**ACTIVITY**
Work out the count of lines in the entries below that include "Neck", and write only that count.

Short descriptive text snippets:
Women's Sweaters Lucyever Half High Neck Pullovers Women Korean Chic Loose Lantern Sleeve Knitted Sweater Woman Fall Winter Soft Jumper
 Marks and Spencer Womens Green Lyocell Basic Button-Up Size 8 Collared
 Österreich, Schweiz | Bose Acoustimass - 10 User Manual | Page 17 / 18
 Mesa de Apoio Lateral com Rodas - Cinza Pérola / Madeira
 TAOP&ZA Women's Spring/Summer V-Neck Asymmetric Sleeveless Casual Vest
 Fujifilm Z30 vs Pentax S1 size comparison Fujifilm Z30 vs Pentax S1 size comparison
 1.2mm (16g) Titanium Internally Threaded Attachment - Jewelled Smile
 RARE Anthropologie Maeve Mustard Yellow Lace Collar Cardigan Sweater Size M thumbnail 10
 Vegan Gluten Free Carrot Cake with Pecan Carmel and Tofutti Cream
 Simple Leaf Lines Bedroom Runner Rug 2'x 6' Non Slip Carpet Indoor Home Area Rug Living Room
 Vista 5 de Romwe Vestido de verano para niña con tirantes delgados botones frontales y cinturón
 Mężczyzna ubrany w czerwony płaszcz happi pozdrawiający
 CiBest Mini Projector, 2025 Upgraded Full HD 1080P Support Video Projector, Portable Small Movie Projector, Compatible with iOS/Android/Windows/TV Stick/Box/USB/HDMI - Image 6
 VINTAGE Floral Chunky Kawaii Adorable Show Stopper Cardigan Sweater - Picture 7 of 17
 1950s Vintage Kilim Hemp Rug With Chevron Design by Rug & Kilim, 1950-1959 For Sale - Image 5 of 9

**ANSWER SECTION**
2